Евгений развеселил мать, описав ей комедию, разыгранную Каролиной и Полиной, которые притворились, будто лишились чувств от волнения и счастья.

Сын Жозефины уезжает из замка до большого бала, устраиваемого матерью в честь рождения маленького короля. «Шум был страшный, все сбились с ног, — рассказывает Жоржетта, с любопытством наблюдавшая за приготовлениями. — Особенно неистово метались метрдотели, стараясь ничего не упустить; мы примеряли платья, наши мужчины — мундиры; многие из них уже разучились их носить, многие просто не умели. Г-н Пьерло очень нас рассмешил смущением, в которое был повергнут своим бархатным фраком с серебряным шитьем и током с перьями, нахлобученным на голову, подобно классическому ночному колпаку, столь осуждаемому теперь романтиками; огромный узел белого атласного шарфа приходился у него на самую середину груди, а шпага цеплялась за наши платья; словом, это была самая гротескная фигура, какую мне доводилось видеть.

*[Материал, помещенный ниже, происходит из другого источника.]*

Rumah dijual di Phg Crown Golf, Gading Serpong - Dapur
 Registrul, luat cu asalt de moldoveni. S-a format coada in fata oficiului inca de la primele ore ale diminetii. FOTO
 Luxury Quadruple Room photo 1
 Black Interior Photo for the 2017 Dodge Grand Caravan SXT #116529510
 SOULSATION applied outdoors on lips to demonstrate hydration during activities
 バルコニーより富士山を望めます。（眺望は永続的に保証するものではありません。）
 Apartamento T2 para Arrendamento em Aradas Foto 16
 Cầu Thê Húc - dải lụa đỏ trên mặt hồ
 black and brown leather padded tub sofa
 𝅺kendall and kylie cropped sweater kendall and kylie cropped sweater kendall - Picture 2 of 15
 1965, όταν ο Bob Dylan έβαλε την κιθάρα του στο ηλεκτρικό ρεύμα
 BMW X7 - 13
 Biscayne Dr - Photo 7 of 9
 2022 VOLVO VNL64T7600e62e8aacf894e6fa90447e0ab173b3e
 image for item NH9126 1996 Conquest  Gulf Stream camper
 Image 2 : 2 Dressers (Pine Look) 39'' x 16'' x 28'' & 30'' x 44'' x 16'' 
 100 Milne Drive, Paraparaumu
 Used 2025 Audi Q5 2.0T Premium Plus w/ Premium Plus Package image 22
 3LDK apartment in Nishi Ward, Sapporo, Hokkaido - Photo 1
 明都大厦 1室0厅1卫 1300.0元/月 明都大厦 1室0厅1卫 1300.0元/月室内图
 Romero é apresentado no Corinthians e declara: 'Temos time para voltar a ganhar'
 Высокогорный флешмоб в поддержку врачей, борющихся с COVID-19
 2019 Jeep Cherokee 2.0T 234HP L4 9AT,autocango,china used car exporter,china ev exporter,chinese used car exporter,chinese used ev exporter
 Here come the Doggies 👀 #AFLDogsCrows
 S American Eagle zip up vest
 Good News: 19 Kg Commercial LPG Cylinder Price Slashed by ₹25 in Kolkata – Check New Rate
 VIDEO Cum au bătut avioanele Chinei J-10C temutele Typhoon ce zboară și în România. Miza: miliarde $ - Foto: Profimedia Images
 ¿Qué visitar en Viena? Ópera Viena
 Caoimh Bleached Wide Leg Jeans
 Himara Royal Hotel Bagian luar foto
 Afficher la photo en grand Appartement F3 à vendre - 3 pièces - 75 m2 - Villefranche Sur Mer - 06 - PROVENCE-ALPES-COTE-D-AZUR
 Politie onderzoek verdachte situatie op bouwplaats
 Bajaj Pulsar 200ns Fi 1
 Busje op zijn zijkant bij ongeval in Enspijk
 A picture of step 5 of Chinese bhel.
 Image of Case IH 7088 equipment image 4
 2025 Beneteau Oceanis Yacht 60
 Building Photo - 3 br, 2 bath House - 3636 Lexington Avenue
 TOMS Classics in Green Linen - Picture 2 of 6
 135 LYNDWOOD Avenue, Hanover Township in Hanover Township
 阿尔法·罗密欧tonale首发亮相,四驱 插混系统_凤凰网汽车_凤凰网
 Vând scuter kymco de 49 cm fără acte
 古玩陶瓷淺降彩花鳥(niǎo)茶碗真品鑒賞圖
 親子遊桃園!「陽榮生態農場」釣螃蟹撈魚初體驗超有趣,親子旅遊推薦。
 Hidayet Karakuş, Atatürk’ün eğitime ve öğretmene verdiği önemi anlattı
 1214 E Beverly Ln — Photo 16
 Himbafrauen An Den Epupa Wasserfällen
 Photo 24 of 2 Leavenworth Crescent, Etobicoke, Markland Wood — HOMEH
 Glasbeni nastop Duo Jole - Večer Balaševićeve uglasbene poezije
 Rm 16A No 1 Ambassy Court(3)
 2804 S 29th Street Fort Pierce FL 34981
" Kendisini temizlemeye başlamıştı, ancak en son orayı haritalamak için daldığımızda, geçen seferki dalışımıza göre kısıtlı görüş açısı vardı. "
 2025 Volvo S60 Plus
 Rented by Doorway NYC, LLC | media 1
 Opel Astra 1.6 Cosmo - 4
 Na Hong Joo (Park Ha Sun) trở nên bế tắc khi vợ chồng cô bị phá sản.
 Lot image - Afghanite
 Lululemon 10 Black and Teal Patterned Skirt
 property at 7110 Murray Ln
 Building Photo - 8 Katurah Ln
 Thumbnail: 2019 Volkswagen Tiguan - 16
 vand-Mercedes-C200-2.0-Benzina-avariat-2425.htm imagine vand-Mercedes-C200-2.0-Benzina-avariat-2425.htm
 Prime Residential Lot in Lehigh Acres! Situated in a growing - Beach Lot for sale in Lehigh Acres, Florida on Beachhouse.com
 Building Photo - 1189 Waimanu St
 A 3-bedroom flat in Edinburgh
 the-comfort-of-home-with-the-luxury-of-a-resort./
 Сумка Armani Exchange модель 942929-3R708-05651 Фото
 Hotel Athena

Ее величество предложила мне одолжить для великого дня драгоценный убор, но я подумала, что не посмею даже пошевелиться, если на мне будет такая дорогая и не принадлежащая мне вещь; поэтому я отказалась и решила, хоть и не без сожаления, надеть лишь свое скромное жемчужное ожерелье, которое, по крайней мере, не помешает мне танцевать. М-ль де Макау и де Кастеллан, принявшие предложение императрицы, не раз в течение вечера откровенно завидовали мне. При каждом контрдансе они смотрели, на месте ли их драгоценности, и было заметно, что они боятся сделать лишнее движение — так им было страшно потерять даже ничтожную частицу своих богатых уборов».

Когда начинается бал, появляется Жозефина, усыпанная бриллиантами, как в Тюильри, и сопровождаемая своим двором. Она, «как на смотру», пропускает мимо себя приглашенных и садится в кресло, на этот раз слегка напоминающее трон.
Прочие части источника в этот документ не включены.